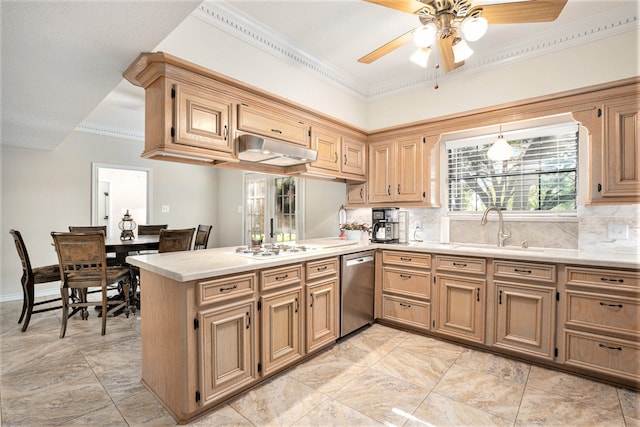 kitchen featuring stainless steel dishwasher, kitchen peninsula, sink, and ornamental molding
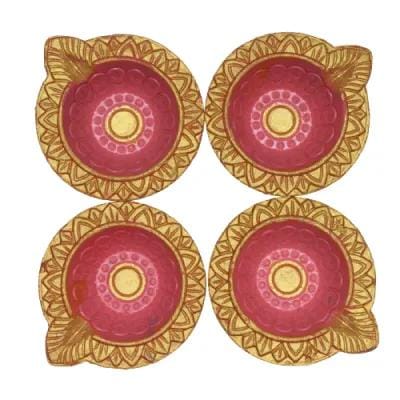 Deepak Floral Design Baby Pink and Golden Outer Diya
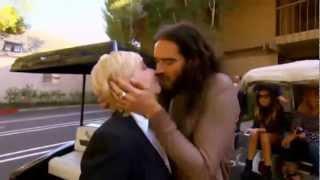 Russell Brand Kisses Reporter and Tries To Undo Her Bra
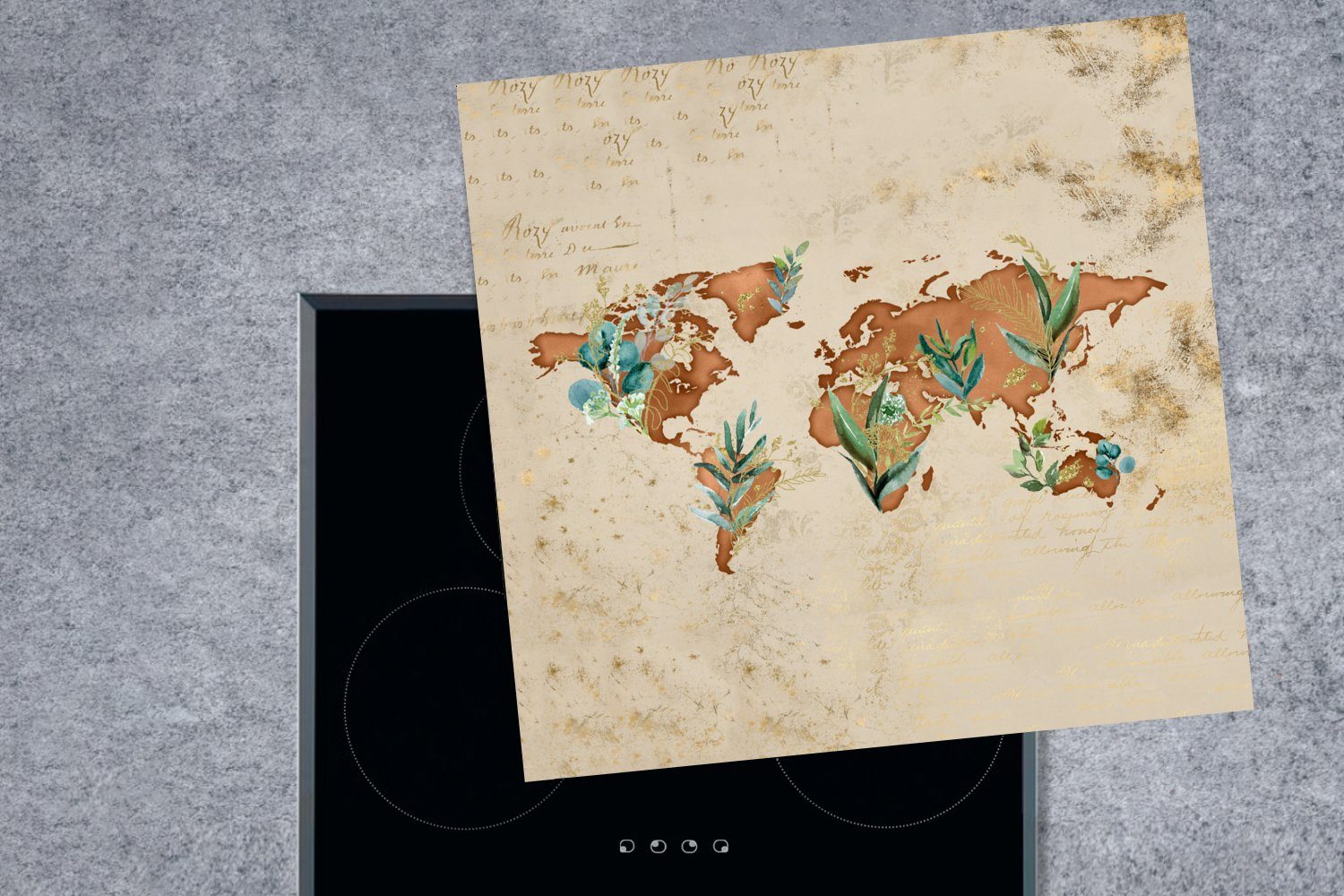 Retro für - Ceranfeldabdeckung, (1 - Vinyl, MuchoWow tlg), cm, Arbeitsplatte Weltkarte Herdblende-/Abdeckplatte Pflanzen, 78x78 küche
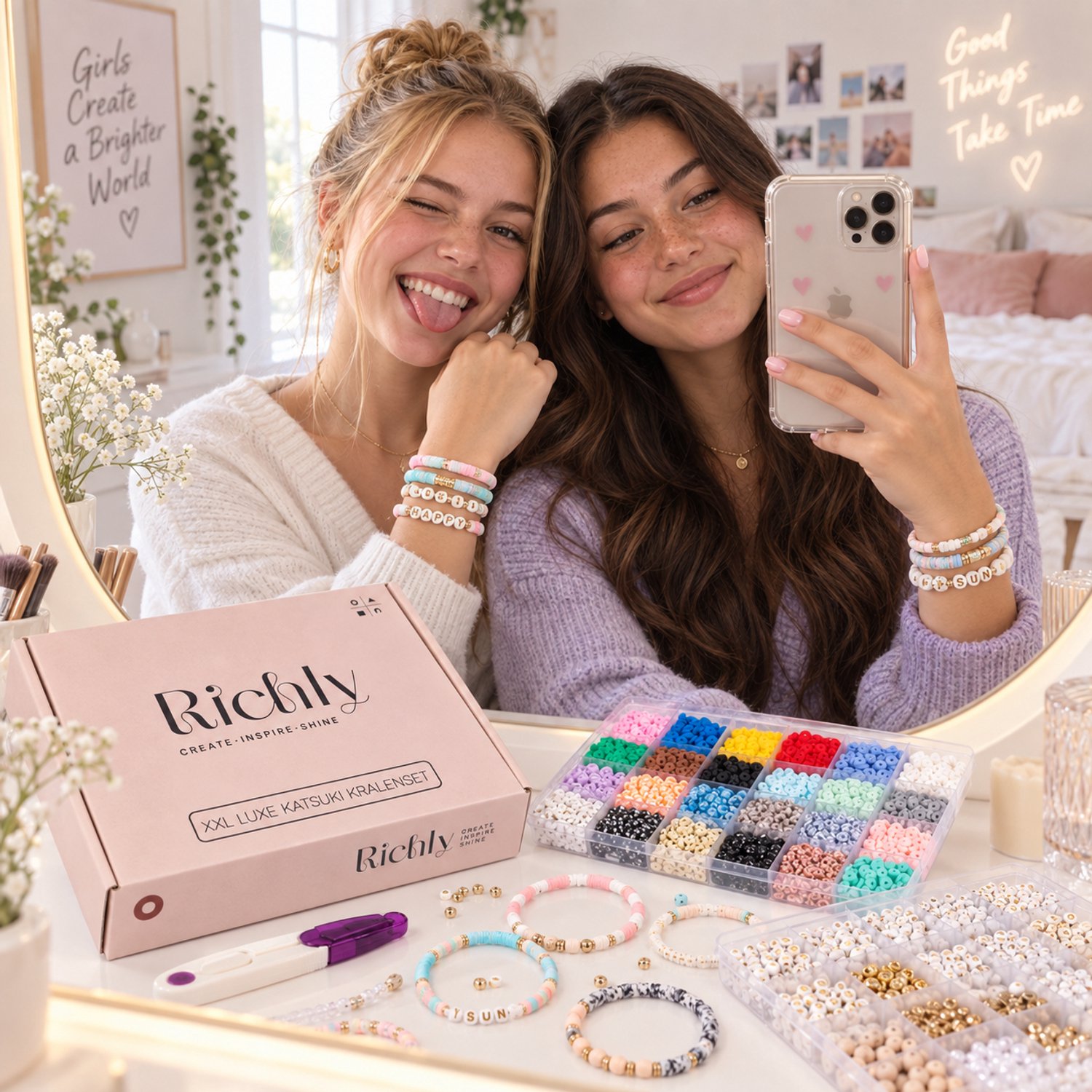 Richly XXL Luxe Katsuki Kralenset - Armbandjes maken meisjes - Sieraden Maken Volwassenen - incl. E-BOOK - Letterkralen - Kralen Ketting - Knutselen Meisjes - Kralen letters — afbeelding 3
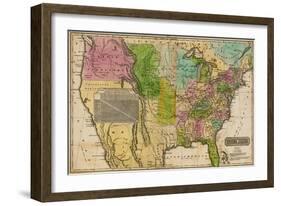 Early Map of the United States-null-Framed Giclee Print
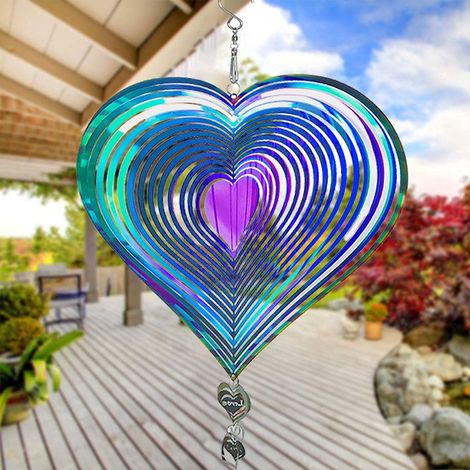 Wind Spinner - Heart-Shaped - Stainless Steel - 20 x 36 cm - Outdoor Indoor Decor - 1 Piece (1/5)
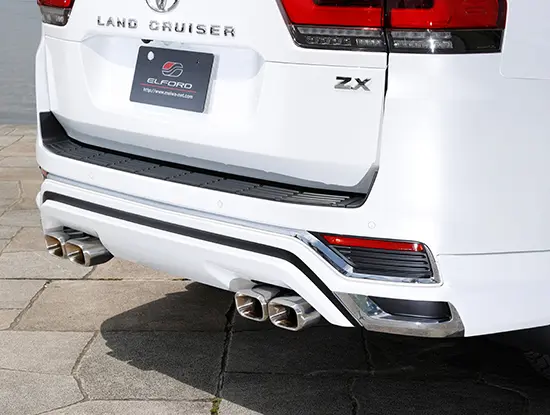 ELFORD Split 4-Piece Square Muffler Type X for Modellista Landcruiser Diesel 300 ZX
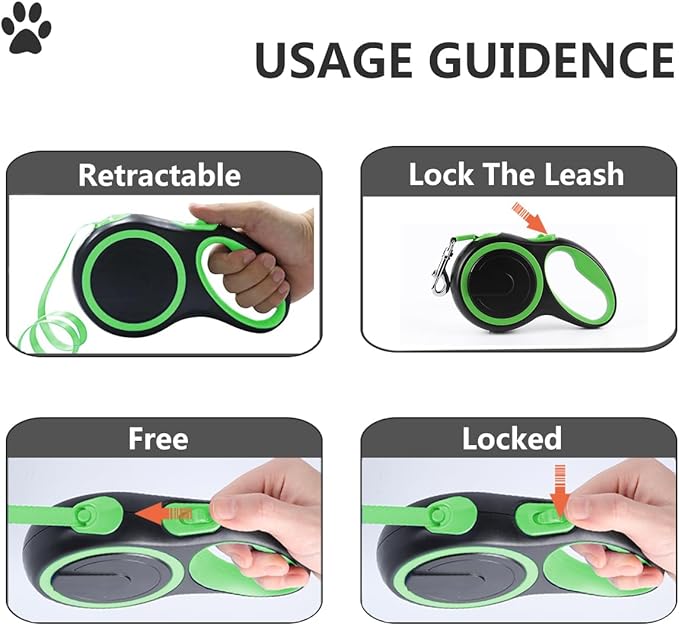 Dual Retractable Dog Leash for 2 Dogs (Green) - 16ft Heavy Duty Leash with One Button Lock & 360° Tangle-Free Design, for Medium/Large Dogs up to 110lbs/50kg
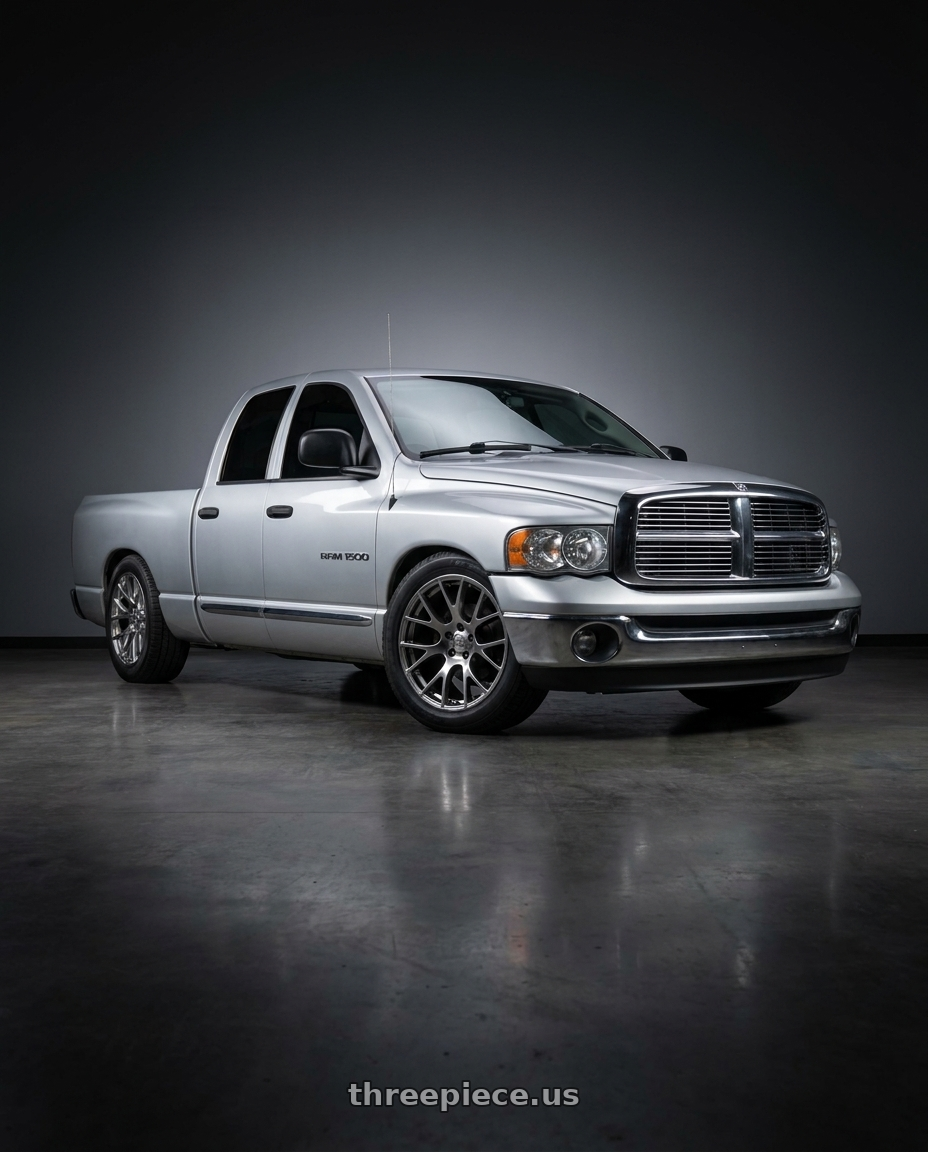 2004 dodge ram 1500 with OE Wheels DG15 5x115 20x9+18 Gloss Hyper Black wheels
--------------------------------
### TASK TO COMPLETE
Leave every image out and retype the entries above word for word.

### EXPECTED ANSWER
 kitchen featuring stainless steel dishwasher, kitchen peninsula, sink, and ornamental molding
 Deepak Floral Design Baby Pink and Golden Outer Diya
 Russell Brand Kisses Reporter and Tries To Undo Her Bra
 Retro für - Ceranfeldabdeckung, (1 - Vinyl, MuchoWow tlg), cm, Arbeitsplatte Weltkarte Herdblende-/Abdeckplatte Pflanzen, 78x78 küche
 Richly XXL Luxe Katsuki Kralenset - Armbandjes maken meisjes - Sieraden Maken Volwassenen - incl. E-BOOK - Letterkralen - Kralen Ketting - Knutselen Meisjes - Kralen letters — afbeelding 3
 Early Map of the United States-null-Framed Giclee Print
 Wind Spinner - Heart-Shaped - Stainless Steel - 20 x 36 cm - Outdoor Indoor Decor - 1 Piece (1/5)
 ELFORD Split 4-Piece Square Muffler Type X for Modellista Landcruiser Diesel 300 ZX
 Dual Retractable Dog Leash for 2 Dogs (Green) - 16ft Heavy Duty Leash with One Button Lock & 360° Tangle-Free Design, for Medium/Large Dogs up to 110lbs/50kg
 2004 dodge ram 1500 with OE Wheels DG15 5x115 20x9+18 Gloss Hyper Black wheels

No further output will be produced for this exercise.